Le lis a moins de fraîcheur.

L’enfant maudit, que l’horrible phrase de son père avait plongé dans les abîmes de la mort, revint à la surface de la vie sur les ailes de cette poésie. Quoique déjà ce mouvement de terreur, effacé si rapidement, lui eût brisé le cœur, il rassembla ses forces, releva la tête, regarda son père en face pour la première fois de sa vie, échangea mépris pour mépris, et dit avec l’accent de la haine : — Un gentilhomme ne doit pas mentir ! D’un bond il sauta vers la porte opposée à celle du salon et cria : — Gabrielle !

Tout à coup, la suave créature apparut dans l’ombre comme un lis dans les feuillages, et trembla devant ce groupe de femmes moqueuses, instruites des amours d’Etienne. Semblable à ces nuages qui portent la foudre, le vieux duc, arrivé à un degré de rage qui ne se décrit point, se détachait sur le front brillant que produisaient les riches habillements de ces trois dames de cour. Entre la prolongation de sa race et une mésalliance, tout autre homme aurait hésité ; mais il se rencontra dans ce vieil homme indompté la férocité qui jusqu’alors avait décidé toutes les difficultés humaines ; il tirait à tout propos l’épée, comme le seul remède qu’il connût aux nœuds gordiens de la vie. Dans cette circonstance où le bouleversement de ses idées était au comble, le naturel devait triompher. Deux fois pris en flagrant délit de mensonge par un être abhorré, par son enfant maudit mille fois, et plus que jamais maudit au moment où sa faiblesse méprisée, et pour lui la plus méprisable, triomphait d’une omnipotence infaillible jusqu’alors, il n’y eut plus en lui ni père, ni homme : le tigre sortit de l’antre où il se cachait.
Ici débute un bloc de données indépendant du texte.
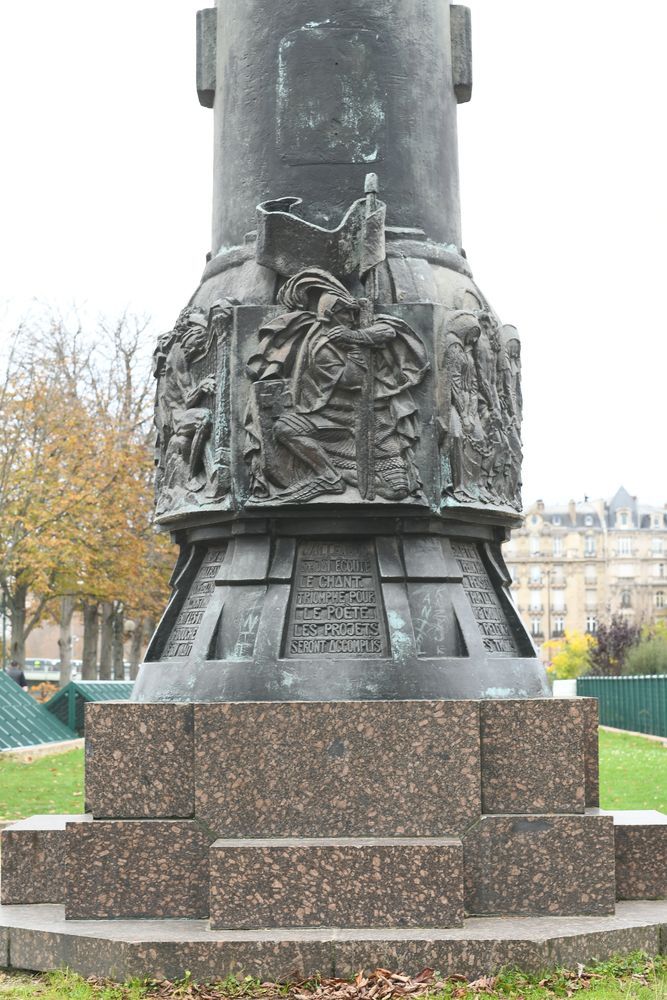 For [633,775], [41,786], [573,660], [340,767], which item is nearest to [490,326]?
[340,767]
Le vieillard, que la vengeance rendit jeune, jeta sur le plus ravissant couple d’anges qui eût consenti à mettre les pieds sur la terre, un regard pesant de haine et qui assassinait déjà.

— Eh ! bien, crevez tous ! Toi, sale avorton, la preuve de ma honte. Toi, dit-il à Gabrielle, misérable gourgandine à langue de vipère qui as empoisonné ma maison !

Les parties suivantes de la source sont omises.